Requirement: Please repeat exactly the lines from the one containing "Pendientes de plata" through the last line of the records below, both included, and leave out any pictures.
<<<<
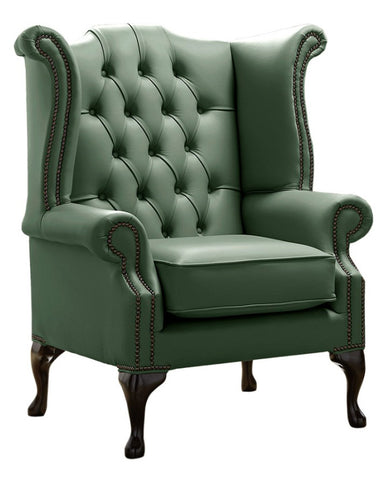 Lombzöld színű bőrrel kárpitozott Chesterfield szárnyas fotel.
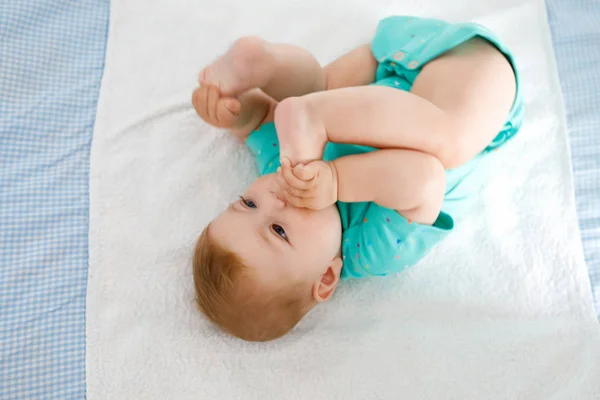 Lindo bebé tomando pies en la boca. Adorable niña chupando el pie . —  Fotos de Stock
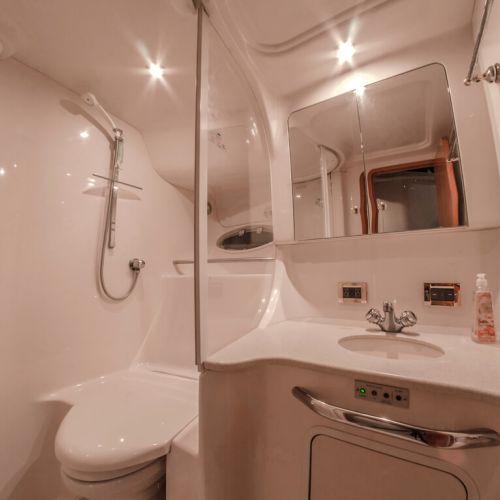 All white porcelain toilet, shower, and counter inside yacht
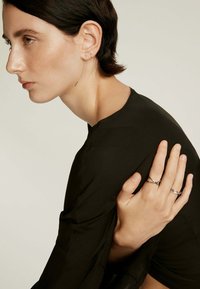 Pendientes de plata con un delicado detalle de cadena, anillos con varios diseños y una blusa negra de manga larga y suave en el perfil de un modelo.
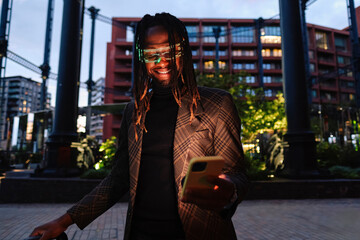 Happy businessman wearing smart glasses and using mobile phone at dusk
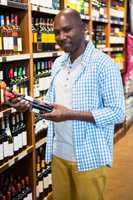 Man looking at wine bottle in grocery section at supermarket
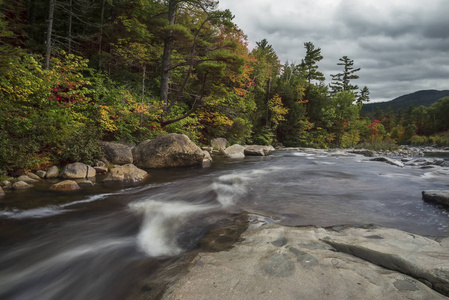 河流在森林中的石岸之间流淌。 弗兰科尼亚缺口州立公园。 美国。 新罕布什尔州。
>>>>
Exercise answer:
 Pendientes de plata con un delicado detalle de cadena, anillos con varios diseños y una blusa negra de manga larga y suave en el perfil de un modelo.
 Happy businessman wearing smart glasses and using mobile phone at dusk
 Man looking at wine bottle in grocery section at supermarket
 河流在森林中的石岸之间流淌。 弗兰科尼亚缺口州立公园。 美国。 新罕布什尔州。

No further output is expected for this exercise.